Peneliti dari Forum Indonesia untuk Transparansi Anggaran (FITRA) Badiul Hadi menilai, penerimaan negara tahun ini tidak akan mencapai target Rp 3.005,13 triliun, dipengaruhi beberapa faktor.
Pertama, penerimaan negara bukan pajak (PNBP) akan berkurang karena setoran dividen BUMN akan dialihkan ke Badan Pengelola Investasi Daya Anagata Nusantara (BPI Danantara). Adapun target dividen BUMN 2025 sebesar Rp 90 triliun. Artinya setoran PNBP akan berkurang sekitar Rp 90 triliun dari yang ditargetkan Rp 513,64 triliun.
Kedua, wacana kebijakan penurunan pajak penghasilan (PPh) badan dari 22% menjadi 20% juga berpotensi menurunkan penerimaan pajak.
Baca Juga: Kemenkeu Catat Defisit APBN 2024 Capai Target 2,29% dari PDB
Ketiga, implementasi sistem pajak baru Coretax yang belum sempurna juga berpotensi mengurangi penerimaan pajak. Sistem pajak yang berbeda tersebut akan berdampak pada pendapatan sektor pajak yang bisa berkurang.
“Serta belum optimalnya upaya pemerintah dalam mendorong peningkatan pendapatan negara, potensi defisit dikisaran 2,7%-3% dari PDB atau sekitar Rp 800 triliun,” tutur Badiul kepada Kontan, Selasa (18/2).
Badiul mengungkapkan, defisit anggaran akan melebar karena mau tidak mau pemerintah harus menambah utang baru lebih banyak untuk menutup belanja yang ditargetkan Rp 3.613 triliun tahun ini.
Sejatinya, tahun ini pemerintah tidak melakukan ‘efisiensi’ anggaran Rp 306,69 triliun, melainkan merealokasi anggaran dari K/L dan TKD untuk dibelanjakan ke program lainnya.
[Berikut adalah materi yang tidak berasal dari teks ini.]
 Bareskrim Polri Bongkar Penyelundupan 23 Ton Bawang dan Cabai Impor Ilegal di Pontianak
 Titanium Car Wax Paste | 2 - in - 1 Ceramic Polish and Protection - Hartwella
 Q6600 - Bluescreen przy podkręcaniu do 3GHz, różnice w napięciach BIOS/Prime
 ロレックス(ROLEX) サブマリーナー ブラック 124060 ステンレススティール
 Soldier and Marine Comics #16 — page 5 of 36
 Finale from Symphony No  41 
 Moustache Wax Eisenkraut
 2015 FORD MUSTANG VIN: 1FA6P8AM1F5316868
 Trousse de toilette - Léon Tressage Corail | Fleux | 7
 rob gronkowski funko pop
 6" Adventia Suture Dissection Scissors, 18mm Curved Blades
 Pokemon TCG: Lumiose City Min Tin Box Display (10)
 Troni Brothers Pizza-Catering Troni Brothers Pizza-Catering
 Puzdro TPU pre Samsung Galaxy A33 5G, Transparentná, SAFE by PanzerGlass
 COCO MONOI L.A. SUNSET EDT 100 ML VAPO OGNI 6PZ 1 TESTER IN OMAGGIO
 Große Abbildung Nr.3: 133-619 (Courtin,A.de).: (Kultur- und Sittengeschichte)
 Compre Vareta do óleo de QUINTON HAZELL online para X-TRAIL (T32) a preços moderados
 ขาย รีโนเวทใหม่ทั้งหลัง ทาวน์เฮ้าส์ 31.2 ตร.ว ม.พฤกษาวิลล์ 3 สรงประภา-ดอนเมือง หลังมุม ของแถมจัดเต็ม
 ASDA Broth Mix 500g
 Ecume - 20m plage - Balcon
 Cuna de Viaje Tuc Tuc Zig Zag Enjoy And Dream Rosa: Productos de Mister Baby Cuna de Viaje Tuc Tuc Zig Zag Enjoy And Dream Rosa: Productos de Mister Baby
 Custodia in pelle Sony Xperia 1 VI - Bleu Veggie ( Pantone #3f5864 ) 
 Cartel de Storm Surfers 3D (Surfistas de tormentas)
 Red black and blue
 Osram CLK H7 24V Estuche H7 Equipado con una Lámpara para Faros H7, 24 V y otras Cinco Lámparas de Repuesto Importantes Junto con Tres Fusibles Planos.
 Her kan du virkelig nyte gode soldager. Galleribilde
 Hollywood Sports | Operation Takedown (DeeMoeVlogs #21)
Untuk itu, Badiul menyarankan agar realokasi anggaran ini tidak menyebabkan pemborosan.
“Efisiensi itu idealnya tidak berujung pada penambahan utang, karena anggaran akan semakin efektif. Berbeda jika itu realokasi anggaran dari pos satu ke pos lain,” jelasnya.
Lebih lanjut, untuk menutup potensi penerimaan yang hilang tersebut, pemerintah disarankan untuk mengurangi jumlah K/L.
Baca Juga: Pemangkasan Anggaran Tanpa Perencanaan yang Tepat Bisa Perburuk Fiskal Indonesia
Selain itu, pemerintah bisa mengoptimalkan penerimaan pajak dari pengemplang pajak perusahaan-perusahaan sawit yang membuat negara kehilangan potensi penerimaan sebesar Rp 300 triliun.
“Atau pemerintah bisa menarik aset negara dari kasus BLBI yang belum tuntas hingga saat ini,” tandasnya.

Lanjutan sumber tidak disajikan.